▶ YOUR INSTRUCTIONS
Only the text belongs in the copy. Transcribe the data exactly and drop any pictures.

▶ DATA SECTION
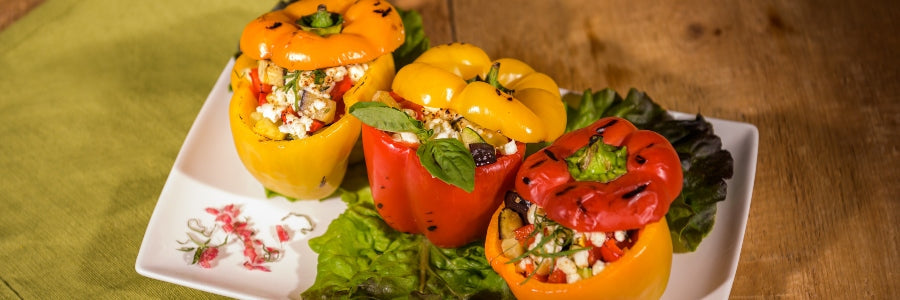 Zöldséges caponatával töltött paprika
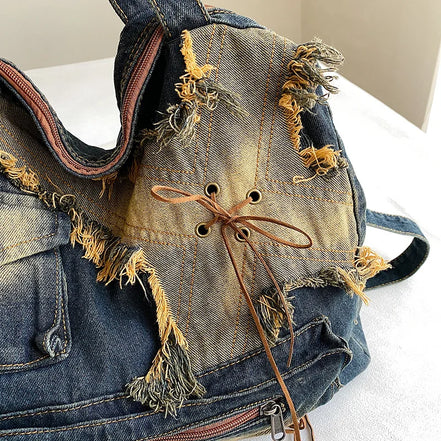 Vintage Distressed Denim Shoulder Bag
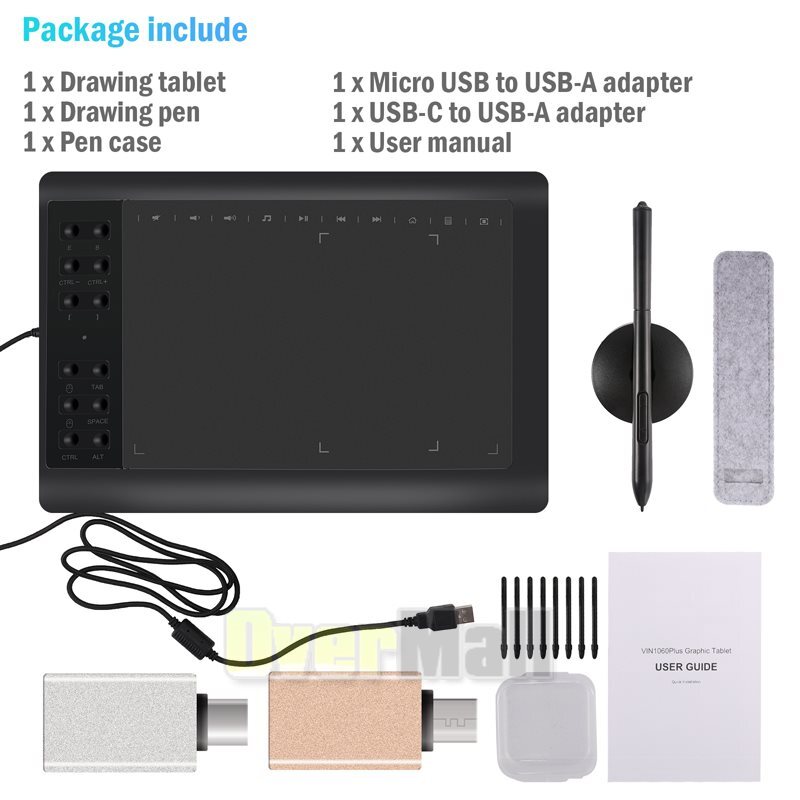VIN1060 Plus Graphic Drawing Tablets Digital Pen Tablet for Mac, Windows Android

▶ ANSWER SECTION
 Zöldséges caponatával töltött paprika
 Vintage Distressed Denim Shoulder Bag
VIN1060 Plus Graphic Drawing Tablets Digital Pen Tablet for Mac, Windows Android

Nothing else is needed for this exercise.